Commentaire : le présent article donne aux entreprises qui le souhaitent le choix - irrévocable - de tenir leur comptabilité en euros dès le 1 er janvier 1999 et prévoit une dérogation relative à l'enregistrement, dans un même compte de résultat, des arrondis de conversion engendrés par l'introduction de la monnaie unique.

Le passage à la monnaie unique soulève plusieurs problèmes juridiques et notamment celui de la possibilité d'établir des documents comptables dans une unité monétaire autre que le franc, ce qui est actuellement interdit, ainsi que celui des techniques de conversion utilisables.

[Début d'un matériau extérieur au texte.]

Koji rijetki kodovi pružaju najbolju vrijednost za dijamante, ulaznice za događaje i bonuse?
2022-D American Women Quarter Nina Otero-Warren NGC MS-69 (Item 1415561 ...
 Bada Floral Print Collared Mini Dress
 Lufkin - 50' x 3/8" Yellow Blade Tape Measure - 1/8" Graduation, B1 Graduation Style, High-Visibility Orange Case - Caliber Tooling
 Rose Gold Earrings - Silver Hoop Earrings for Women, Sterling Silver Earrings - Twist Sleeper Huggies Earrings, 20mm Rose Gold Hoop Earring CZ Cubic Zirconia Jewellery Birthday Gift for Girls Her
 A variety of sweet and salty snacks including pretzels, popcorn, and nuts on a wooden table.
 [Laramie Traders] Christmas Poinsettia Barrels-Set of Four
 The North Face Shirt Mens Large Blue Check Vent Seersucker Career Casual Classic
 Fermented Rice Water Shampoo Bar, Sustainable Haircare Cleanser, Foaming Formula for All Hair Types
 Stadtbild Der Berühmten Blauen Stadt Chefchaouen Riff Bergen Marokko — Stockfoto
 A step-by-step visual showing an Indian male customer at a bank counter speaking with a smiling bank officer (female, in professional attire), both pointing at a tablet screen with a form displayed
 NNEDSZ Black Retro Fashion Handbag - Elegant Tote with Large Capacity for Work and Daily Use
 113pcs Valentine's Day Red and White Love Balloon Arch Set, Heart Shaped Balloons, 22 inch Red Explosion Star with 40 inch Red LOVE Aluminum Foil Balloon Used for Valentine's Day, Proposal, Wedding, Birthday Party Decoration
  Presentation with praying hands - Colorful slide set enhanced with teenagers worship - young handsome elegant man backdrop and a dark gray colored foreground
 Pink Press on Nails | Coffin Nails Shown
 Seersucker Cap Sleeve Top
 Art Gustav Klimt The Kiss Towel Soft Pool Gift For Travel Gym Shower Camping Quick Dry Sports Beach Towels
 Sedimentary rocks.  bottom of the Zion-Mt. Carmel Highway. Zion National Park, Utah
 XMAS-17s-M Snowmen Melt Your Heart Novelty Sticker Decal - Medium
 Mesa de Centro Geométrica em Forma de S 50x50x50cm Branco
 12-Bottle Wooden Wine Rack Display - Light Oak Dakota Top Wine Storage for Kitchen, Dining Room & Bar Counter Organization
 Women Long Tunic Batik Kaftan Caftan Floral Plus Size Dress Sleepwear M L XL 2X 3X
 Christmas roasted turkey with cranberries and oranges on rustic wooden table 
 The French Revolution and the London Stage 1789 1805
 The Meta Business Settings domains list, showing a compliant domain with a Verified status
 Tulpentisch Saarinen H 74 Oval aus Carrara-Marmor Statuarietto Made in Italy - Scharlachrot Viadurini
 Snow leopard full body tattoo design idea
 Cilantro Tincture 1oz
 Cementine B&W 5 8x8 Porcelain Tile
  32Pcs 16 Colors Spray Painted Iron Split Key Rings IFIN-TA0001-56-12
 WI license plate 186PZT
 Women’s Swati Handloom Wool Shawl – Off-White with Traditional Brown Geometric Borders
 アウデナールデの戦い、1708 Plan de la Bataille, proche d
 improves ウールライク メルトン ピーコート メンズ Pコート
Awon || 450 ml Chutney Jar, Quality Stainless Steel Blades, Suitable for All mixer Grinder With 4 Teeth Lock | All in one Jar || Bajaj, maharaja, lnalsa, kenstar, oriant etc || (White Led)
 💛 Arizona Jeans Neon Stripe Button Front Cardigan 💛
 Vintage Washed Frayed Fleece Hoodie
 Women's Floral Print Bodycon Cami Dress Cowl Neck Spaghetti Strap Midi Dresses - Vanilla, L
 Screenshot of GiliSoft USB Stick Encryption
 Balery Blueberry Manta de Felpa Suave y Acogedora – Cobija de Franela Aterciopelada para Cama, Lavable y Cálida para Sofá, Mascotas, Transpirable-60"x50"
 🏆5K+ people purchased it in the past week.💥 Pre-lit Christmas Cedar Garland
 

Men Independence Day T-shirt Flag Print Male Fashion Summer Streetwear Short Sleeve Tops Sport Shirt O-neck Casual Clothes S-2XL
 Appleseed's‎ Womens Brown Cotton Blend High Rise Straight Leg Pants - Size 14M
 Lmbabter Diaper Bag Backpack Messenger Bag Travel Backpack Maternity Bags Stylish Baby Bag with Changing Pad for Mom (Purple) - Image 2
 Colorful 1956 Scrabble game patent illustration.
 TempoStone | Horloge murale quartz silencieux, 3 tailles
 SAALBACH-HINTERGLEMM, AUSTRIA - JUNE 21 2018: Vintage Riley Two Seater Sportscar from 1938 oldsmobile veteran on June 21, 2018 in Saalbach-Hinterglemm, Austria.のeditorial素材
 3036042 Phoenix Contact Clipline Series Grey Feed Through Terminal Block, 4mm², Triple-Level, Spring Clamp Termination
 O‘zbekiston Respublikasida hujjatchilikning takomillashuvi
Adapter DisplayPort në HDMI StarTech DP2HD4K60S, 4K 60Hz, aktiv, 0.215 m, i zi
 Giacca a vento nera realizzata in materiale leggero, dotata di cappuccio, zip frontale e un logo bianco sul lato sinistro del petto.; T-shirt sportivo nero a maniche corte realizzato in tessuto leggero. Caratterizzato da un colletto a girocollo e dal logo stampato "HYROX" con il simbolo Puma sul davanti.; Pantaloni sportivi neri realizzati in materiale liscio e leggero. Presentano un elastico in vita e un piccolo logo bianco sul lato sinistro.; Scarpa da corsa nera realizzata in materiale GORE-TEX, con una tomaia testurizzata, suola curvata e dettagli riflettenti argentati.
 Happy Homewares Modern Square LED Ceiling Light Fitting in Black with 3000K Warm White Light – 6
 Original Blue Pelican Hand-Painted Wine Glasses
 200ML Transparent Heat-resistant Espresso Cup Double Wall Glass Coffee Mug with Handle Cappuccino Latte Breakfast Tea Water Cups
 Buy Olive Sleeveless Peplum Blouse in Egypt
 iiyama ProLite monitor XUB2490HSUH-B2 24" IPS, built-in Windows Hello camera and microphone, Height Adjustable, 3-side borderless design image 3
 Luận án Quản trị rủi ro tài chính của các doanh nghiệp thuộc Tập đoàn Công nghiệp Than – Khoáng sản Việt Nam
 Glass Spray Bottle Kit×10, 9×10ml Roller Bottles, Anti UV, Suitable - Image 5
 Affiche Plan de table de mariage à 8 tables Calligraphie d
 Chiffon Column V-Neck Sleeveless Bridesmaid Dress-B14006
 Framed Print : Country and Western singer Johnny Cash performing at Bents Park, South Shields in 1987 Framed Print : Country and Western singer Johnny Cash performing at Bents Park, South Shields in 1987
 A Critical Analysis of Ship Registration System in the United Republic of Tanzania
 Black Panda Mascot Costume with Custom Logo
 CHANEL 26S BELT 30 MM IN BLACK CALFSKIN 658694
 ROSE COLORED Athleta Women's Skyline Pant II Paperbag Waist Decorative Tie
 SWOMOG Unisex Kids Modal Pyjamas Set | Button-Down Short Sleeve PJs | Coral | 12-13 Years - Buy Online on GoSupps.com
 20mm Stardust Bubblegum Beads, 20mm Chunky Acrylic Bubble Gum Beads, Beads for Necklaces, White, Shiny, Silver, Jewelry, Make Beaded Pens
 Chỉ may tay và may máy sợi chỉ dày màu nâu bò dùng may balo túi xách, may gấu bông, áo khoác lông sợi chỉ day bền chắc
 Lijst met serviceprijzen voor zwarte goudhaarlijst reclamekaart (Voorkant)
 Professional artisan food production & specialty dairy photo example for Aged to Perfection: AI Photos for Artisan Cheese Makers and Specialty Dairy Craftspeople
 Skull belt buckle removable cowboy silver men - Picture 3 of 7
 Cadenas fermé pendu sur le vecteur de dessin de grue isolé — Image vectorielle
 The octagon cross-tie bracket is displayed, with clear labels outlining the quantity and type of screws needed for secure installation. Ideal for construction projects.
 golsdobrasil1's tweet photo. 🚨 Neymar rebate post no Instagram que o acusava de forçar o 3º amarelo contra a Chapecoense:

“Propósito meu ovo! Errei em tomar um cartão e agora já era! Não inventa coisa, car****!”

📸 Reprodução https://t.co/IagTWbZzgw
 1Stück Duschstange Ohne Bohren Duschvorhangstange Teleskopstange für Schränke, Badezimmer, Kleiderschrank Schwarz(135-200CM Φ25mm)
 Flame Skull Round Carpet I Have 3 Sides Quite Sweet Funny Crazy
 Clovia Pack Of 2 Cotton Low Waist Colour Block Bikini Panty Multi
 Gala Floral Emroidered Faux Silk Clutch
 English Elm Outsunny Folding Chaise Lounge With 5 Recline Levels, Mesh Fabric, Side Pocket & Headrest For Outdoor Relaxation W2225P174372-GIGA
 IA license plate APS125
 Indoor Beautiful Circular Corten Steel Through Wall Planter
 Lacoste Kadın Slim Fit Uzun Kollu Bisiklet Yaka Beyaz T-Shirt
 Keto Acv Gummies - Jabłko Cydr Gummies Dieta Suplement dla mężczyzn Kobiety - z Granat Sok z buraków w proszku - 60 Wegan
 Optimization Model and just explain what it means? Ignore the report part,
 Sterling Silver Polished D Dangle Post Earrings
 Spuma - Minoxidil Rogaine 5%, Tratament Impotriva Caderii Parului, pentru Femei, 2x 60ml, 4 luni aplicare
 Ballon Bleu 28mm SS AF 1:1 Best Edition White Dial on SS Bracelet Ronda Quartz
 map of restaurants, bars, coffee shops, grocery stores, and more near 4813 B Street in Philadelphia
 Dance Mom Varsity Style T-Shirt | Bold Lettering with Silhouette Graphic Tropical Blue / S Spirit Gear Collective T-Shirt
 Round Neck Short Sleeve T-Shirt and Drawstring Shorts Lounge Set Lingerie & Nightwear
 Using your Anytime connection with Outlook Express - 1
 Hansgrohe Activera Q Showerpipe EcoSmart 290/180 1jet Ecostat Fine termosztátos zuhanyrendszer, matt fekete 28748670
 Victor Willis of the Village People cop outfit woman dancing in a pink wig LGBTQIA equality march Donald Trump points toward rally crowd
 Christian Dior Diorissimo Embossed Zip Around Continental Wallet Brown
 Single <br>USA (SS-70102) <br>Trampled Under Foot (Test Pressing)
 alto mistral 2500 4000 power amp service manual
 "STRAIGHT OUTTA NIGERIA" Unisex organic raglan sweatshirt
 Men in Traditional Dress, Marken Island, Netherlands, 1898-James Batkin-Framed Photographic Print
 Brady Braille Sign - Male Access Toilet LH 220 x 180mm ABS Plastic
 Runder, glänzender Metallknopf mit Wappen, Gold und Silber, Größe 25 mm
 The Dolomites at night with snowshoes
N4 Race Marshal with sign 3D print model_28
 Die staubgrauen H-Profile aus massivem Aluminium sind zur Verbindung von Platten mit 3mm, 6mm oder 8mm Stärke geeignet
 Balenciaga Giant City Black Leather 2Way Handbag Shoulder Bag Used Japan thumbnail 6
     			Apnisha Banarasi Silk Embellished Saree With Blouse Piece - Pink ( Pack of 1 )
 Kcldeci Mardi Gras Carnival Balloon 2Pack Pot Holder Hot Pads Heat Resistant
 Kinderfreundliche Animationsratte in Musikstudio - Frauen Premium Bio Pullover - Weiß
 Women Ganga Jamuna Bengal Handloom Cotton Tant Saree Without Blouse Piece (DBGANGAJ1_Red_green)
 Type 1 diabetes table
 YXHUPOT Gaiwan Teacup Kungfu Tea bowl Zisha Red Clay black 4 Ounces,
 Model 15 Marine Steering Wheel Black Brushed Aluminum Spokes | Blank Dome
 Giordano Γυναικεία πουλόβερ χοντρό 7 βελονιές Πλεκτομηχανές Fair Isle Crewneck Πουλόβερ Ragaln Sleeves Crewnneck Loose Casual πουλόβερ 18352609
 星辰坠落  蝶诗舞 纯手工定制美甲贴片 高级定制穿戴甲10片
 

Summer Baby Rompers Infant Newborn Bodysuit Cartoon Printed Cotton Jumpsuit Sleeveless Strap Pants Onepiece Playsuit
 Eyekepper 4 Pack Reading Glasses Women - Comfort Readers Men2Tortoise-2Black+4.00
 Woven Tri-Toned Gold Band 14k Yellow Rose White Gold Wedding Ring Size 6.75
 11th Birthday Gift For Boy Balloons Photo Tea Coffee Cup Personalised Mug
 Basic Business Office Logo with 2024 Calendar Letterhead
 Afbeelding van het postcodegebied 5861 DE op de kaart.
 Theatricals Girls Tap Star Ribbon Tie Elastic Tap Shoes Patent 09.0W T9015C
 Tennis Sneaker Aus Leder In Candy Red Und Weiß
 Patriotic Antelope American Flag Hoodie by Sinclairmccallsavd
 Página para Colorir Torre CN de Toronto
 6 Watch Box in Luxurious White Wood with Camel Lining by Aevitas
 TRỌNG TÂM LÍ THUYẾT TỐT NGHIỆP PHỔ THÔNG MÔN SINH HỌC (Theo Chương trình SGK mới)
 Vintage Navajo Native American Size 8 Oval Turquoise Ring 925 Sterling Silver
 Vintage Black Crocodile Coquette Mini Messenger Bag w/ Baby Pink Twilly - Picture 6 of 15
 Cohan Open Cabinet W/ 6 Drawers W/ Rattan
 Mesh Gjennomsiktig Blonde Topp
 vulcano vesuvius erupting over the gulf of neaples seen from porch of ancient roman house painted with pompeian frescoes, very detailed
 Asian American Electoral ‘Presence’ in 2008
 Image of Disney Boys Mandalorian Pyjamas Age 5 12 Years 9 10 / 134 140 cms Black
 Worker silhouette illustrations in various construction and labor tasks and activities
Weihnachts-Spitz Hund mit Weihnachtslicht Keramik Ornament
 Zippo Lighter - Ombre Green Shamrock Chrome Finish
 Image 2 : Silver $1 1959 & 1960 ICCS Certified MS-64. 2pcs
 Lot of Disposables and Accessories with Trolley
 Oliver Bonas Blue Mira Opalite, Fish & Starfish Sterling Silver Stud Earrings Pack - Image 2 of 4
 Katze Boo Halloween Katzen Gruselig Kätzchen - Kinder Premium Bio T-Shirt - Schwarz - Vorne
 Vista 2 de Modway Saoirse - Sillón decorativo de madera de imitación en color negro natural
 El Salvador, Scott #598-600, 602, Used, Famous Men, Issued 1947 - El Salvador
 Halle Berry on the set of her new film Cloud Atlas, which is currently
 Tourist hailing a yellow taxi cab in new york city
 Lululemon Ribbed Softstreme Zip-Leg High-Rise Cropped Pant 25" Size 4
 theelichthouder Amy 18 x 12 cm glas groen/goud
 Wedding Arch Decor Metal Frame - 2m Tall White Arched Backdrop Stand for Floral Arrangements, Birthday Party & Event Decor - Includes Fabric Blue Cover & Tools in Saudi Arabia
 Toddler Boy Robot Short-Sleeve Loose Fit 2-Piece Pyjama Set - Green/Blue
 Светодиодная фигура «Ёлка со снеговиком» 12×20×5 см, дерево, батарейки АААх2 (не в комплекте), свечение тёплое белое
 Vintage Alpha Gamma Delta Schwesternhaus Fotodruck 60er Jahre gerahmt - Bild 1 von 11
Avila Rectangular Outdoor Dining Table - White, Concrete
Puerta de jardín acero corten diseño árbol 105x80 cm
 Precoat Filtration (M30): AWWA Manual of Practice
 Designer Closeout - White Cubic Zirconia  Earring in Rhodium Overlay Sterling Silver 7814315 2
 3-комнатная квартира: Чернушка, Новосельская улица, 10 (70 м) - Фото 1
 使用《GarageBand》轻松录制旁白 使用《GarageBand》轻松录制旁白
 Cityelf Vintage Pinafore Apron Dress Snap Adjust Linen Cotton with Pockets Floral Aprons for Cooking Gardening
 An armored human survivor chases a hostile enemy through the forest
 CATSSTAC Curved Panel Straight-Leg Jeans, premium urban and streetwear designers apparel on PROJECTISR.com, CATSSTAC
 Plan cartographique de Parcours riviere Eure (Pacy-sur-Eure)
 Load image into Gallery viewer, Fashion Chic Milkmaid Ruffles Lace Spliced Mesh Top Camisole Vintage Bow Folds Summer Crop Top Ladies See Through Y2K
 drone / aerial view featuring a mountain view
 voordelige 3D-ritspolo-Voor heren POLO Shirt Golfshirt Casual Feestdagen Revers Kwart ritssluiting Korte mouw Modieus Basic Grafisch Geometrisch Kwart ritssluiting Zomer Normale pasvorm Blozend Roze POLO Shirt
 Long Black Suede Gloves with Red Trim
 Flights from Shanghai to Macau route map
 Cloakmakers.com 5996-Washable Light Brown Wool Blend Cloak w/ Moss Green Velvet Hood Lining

Le présent article apporte une solution à ces deux problèmes.

I. LA FACULTÉ D'ÉTABLIR DES DOCUMENTS COMPTABLES EN EUROS DÈS LE PREMIER JANVIER 1999

Les dispositions actuelles de l'article 16 du Code de commerce imposent aux entreprises l'utilisation du franc pour la tenue de l'ensemble de leur comptabilité, y compris les livres comptables (livre-journal, grand-livre). Manifestement, le maintien de ces dispositions feraient obstacle à l'utilisation de l'euro par les entreprises.

C'est pourquoi le paragraphe I du présent article propose de déroger aux dispositions de l'article 16 du Code de commerce.

Au demeurant, on observera que :

- d'une part, cette règle connaissait déjà une dérogation pour les SICAV et les fonds communs de placement, en vertu de l'article 32 de la loi n° 88-1201 du 23 décembre 1988 qui dispose : "... la comptabilité des SICAV et fonds communs de placement, peut être tenue en unités monétaires autres que le franc français..." ;

- d'autre part, la tenue d'une comptabilité en ECU était déjà possible à condition de tenir également une comptabilité en francs ; cette position a été renforcée par l'article 283-1 du décret n° 94-663 du 2 août 1994, qui permet une publication des comptes en francs, accompagnée -et non substituée- d'une publication des comptes en ECU, avec indication en annexe du taux de conversion à la date de clôture.

La diversité des situations commande cependant, conformément du reste au principe du "ni-ni" de ne pas abroger les dispositions de l'article 16, mais seulement d'établir la possibilité d'y déroger.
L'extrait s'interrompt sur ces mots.